Source: Department Geological Survey and Mines。1. Background to the Mineral Sector
Uganda lies within the African Plate which is a continental crust. Precambrian rocks ranging from Achaean, Lower Proterozoic to Middle Proterozoic (4500 - 600 Million Years) dominate the geology. Close to the eastern border with Kenya, lies a number of Cretaceous to Miocene (145.5 - 5.3 Million Years) intrusive alkaline carbonatite complexes. The Rift Valley contains Cenozoic (65 - 0.01 Million Years) to Recent sediments up to 4000 metres thick. These rocks are endowed with a wide variety of minerals as evidenced by past mining records and the numerous mineral occurrences in many parts of the country.

The mining industry in Uganda reached peak levels in the 1950’s and 1960’s when the sector accounted for up to 30% of Uganda’s export earnings. However, political and economic instability experienced in the country in the 1970’s and the recent global economic slowdown led the sector to decline drastically. Currently, the energy sector’s contribution to total GDP, at current prices, was the lowest in (Financial Year) FY2009/2010 with a share of only 0.3 percent. It should be noted therefore that the decline is not a result of resource depletion but rather due to the bad governance at one time but recently due to poor world prices of cobalt and copper, among others.

The period after 1986 has been marked by a favourable business climate in Uganda and many mining companies have taken up licenses in the mining sector. Over the last ten years the sector has been growing positively with growth rates peaking 19.4% in FY 2006/07. In FY 2009/2010, the sector grew by 12.8%. In terms of licenses taken, in 1999 there were 66 licenses issued in the exploration and mining license categories combined; by the beginning of 2010 there was a total of 517 licenses issued. Table 1 gives a breakdown of the categories of these licenses between January and December 2009.

Table 1: Mineral Licensing Status January – December, 2009

These licenses cover the entire country but are generally concentrated in the more prospective areas in southwest and southeast Uganda. The fact that parts of north and central Uganda are to some extent under forest cover and at the same time have thick soils as a result of tropical weathering, limited geological data render them not conducive for mineral investment.

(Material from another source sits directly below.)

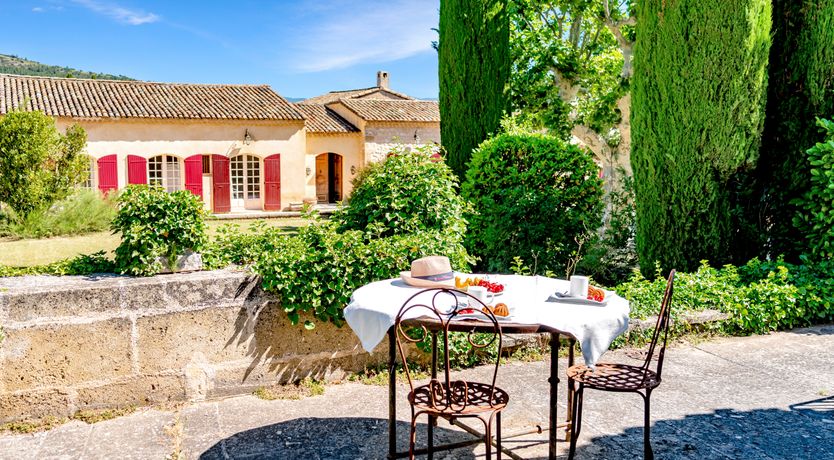 Photo of Luberon Vines & Woodland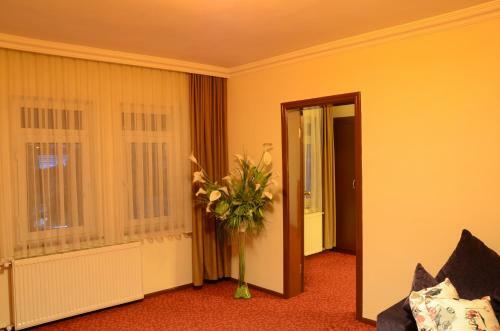 Kircuval Hotel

2. Investment Opportunities in the Mineral Sector
The principal minerals that have been mined in the past, or are being mined at present or are known to occur are discussed below, and the mineral occurrence map (Appendix 3) shows their locations. In broad terms they can be divided into metallic and non-metallic minerals which investors can prospect and mine.

2.1. Metallic Minerals
Beryl: Beryl is the main mineral from which the metal beryllium is extracted. It is associated with pegmatites, mainly in Ntungamo, Bushenyi, Kanungu and Rukungiri districts, but also at Mbale Estate and Lunya in Mubende and Mukono districts respectively. At one time in the early 1960's Uganda's beryl production accounted for 10% of world production. Production came mainly from Mutaka in Bushenyi district, Kazumu in Ntungamo districts and Bulema and Ishasha in Kanungu district. The deposits at Ishasha have the largest known potential.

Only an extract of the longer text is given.